> EXERCISE REQUIREMENTS
What lines of the material below hold the string "Wedding"? Copy them out.

> INFORMATION SHOWN
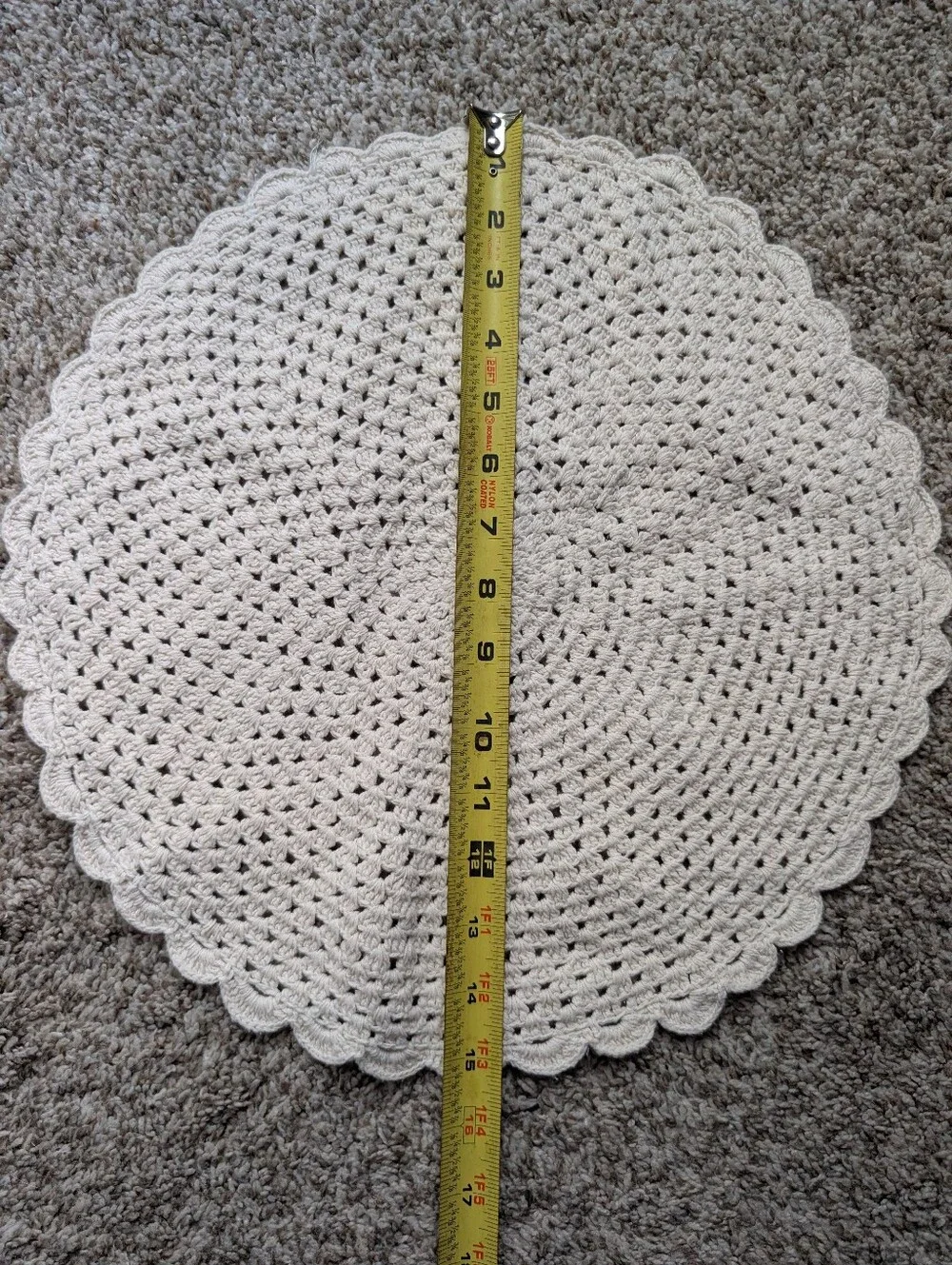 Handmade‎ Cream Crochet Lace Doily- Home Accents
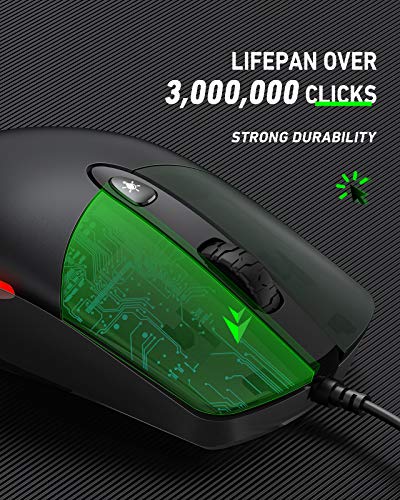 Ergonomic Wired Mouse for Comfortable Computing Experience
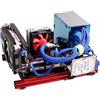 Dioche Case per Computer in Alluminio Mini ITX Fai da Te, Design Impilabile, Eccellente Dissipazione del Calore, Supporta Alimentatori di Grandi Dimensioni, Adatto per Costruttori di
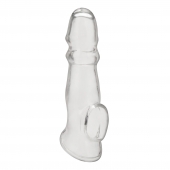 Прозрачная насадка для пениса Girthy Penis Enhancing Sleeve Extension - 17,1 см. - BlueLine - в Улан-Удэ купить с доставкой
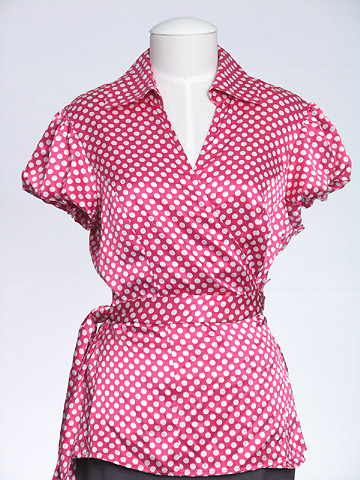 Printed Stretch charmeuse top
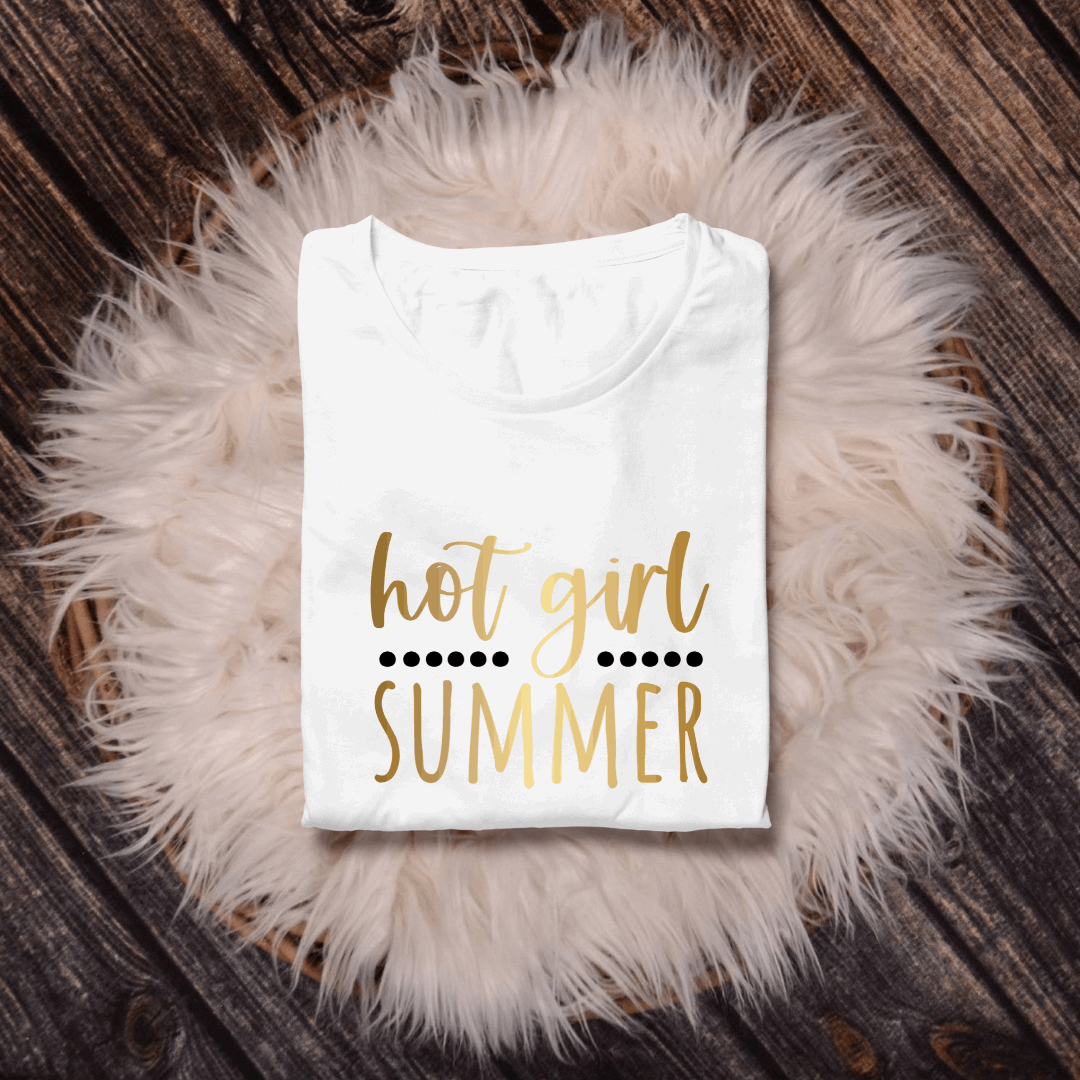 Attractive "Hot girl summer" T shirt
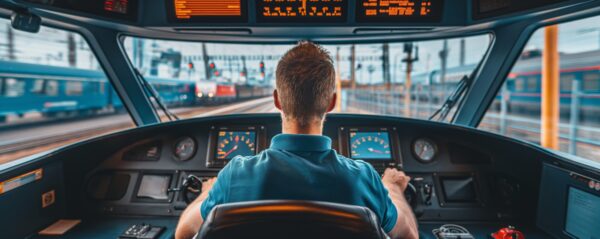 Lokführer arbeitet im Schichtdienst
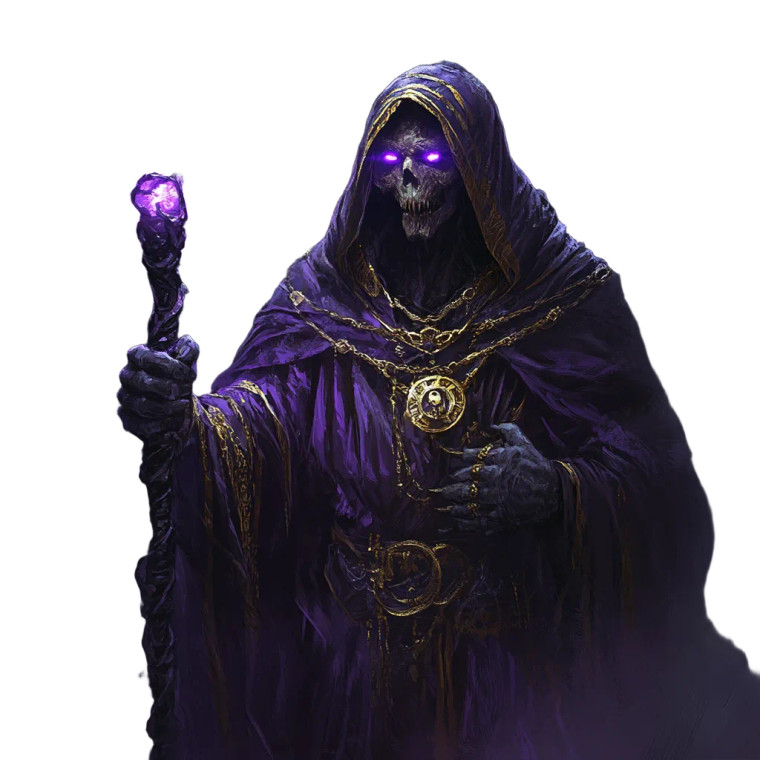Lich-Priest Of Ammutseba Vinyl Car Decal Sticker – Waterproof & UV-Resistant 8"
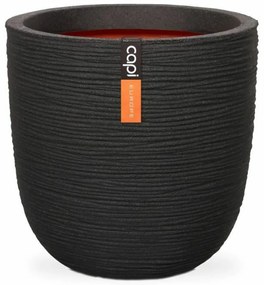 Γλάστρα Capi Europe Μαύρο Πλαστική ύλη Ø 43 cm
---
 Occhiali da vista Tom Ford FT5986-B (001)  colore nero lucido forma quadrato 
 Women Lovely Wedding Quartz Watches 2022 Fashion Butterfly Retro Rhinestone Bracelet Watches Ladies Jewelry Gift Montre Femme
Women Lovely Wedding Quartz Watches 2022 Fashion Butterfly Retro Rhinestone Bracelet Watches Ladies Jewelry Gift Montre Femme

> EXERCISE OUTPUT
 Women Lovely Wedding Quartz Watches 2022 Fashion Butterfly Retro Rhinestone Bracelet Watches Ladies Jewelry Gift Montre Femme
Women Lovely Wedding Quartz Watches 2022 Fashion Butterfly Retro Rhinestone Bracelet Watches Ladies Jewelry Gift Montre Femme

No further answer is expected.